To ever apply this technology to real-world people over the long term, researchers must find a way to reduce the computational load. The new paper introduces the Longitudinal Hemodynamic Mapping Framework, which cuts what used to take nearly a century of simulation time down to just 24 hours.

“The solution is to simulate the heartbeats in parallel rather than sequentially by breaking the task up amongst many different nodes,” Tanade said. “Conventionally, the tasks are broken up spatially with parallel computing. But here, they’re broken up in time as well.”

For example, one could reasonably assume that the specifics of a coronary flow at 10:00 am on a Monday will likely have little impact on the flow at 2:00 pm on a Wednesday. This allowed the team to develop a method to accurately simulate different chunks of time simultaneously and piece them back together. This breakdown made the pieces small enough to be simulated using cloud computing systems like Amazon Web Services rather than requiring large-scale supercomputers.

To put the mapping framework to the test, researchers used tried and true methods to simulate 750 heartbeats — about 10 minutes of biological time — with the lab’s allotment of computing time on Duke’s computer cluster. Using continuous data on heart rate and electrocardiography from a smartwatch, it produced a complete set of 3D blood flow biomarkers that could correlate with disease progression and adverse events. It took four months to complete and exceeded the existing record by an order of magnitude.

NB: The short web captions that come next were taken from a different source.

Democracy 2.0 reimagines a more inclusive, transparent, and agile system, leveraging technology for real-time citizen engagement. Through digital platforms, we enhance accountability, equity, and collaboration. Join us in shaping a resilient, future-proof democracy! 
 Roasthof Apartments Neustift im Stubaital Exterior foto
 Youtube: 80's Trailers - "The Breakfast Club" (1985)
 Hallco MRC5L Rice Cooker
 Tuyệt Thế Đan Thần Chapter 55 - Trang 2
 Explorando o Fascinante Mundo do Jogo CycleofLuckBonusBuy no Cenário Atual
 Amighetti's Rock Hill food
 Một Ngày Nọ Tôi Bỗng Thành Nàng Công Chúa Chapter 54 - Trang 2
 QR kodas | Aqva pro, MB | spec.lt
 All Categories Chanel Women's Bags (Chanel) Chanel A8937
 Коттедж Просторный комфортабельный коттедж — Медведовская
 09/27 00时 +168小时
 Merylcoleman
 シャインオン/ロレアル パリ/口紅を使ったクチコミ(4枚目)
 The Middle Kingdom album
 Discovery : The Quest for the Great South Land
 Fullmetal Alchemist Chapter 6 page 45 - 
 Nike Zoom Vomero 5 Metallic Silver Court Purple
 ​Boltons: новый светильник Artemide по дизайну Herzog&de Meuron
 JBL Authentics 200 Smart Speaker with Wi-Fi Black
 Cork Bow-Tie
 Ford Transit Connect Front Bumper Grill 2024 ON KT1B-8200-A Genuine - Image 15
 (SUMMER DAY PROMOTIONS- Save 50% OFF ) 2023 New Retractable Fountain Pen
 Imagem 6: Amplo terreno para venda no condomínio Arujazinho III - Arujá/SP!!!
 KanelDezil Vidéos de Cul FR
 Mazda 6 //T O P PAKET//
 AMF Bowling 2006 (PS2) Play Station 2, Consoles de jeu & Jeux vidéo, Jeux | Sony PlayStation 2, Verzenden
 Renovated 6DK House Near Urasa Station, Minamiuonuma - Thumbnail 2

They then compared these results to those produced by LHMF running on Amazon World Services and Summit, an Oak Ridge National Laboratory system, in just a few hours. The errors were negligible, proving that LHMF could work on a useful time scale.

The team then further refined LHMF by introducing a clustering method, further reducing the computational costs and allowing them to track the frictional force of blood on vessel walls — a well-known biomarker of cardiovascular disease — for over 700,000 heartbeats, or one week of continuous activity. These results allowed the group to create a personalized, longitudinal hemodynamic map, showing how the forces vary over time and the percentage of time spent in various vulnerable states.

“The results significantly differed from those obtained over a single heartbeat,” Tanade said. “This demonstrates that capturing longitudinal blood flow metrics provides nuances and information that is otherwise not perceptible with the previous gold standard approach.”

“If we can create a temporal map of wall stress in critical areas like the coronary artery, we could predict the risk of a patient developing atherosclerosis or the progression of such diseases,” Randles added. “This method could allow us to identify cases of heart disease much earlier than is currently possible.”

This work was supported by the National Science Foundation (ACI-1548562, DGE164486), the Department of Energy (DE-AC52-07NA27344, DE-AC05-00OR22725), Amazon Web Services, the National Insitutes of Health (DP1AG082343) and the Coulter Foundation.